Luego extiende la mirada y di a cada uno
que todo prójimo, rico o pobre, hermoso o feo, capaz o no, es Cristo que pasa
junto a él.
Que tu ejército, el ejército de Jesús,
de María, esté a su servicio y cada uno llore con quien llora, goce con quien
goza, comparta penas y alegrías constantemente, con todos los sacrificios, sin
cesar jamás.
Intercala tu acción con la más profunda
oración, elevada por tu ejército en perfecta unidad, a fin de que -por Cristo-
se obtenga de esa ciudad la mayor gloria.
Y si el luchar cuesta, ten presente que
ahí está el secreto del éxito y que Quien te empuja ha pagado antes con su
sangre.
Perdona y ruega por quien te mira con
malos ojos, pues si no perdonas no encontrarás misericordia.

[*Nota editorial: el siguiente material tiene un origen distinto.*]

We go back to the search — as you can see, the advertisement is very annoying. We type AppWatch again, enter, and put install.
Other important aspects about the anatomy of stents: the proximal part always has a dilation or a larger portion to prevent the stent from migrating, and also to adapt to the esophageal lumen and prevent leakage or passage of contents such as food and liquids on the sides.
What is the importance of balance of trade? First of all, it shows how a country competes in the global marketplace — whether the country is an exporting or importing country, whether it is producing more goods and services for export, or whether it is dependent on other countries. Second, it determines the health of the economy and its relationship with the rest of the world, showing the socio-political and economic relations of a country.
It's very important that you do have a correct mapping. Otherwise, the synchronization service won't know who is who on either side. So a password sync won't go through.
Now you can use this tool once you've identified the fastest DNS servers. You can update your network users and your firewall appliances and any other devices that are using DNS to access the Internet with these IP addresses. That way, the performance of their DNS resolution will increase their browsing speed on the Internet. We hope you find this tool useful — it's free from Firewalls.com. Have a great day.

Y si el dolor te asedia, canta: "He
aquí el Esposo mío, el amigo mío, el hermano mío" , a fin de que a la hora
de la muerte el Señor le diga a tu alma: "Levántate, apresúrate, amiga
mía, hermosa mía, y ven" .
Así, para conquistar una ciudad, hasta
la victoria, es decir hasta el punto en que el bien venza al mal y Cristo, a
través de nosotros, pueda repetir: "Yo he vencido al mundo" .
Pero con un Dios que te visita todos los
días, si quieres, una ciudad es demasiado poco.
Él es el que ha hecho las estrellas, el
que guía los destinos de los siglos.
Ponte de acuerdo con Él y mira más
lejos: a tu patria, a la de todos, al mundo.
Y que cada respiro tuyo sea para esto,
para esto todo gesto tuyo, para esto tu reposo y tu camino.
Cuando llegues al más allá, verás lo que
más vale, y encontrarás recompensa proporcional a tu amor.
Obra de tal modo que no tengas que
arrepentirte en esa hora de haber amado demasiado poco.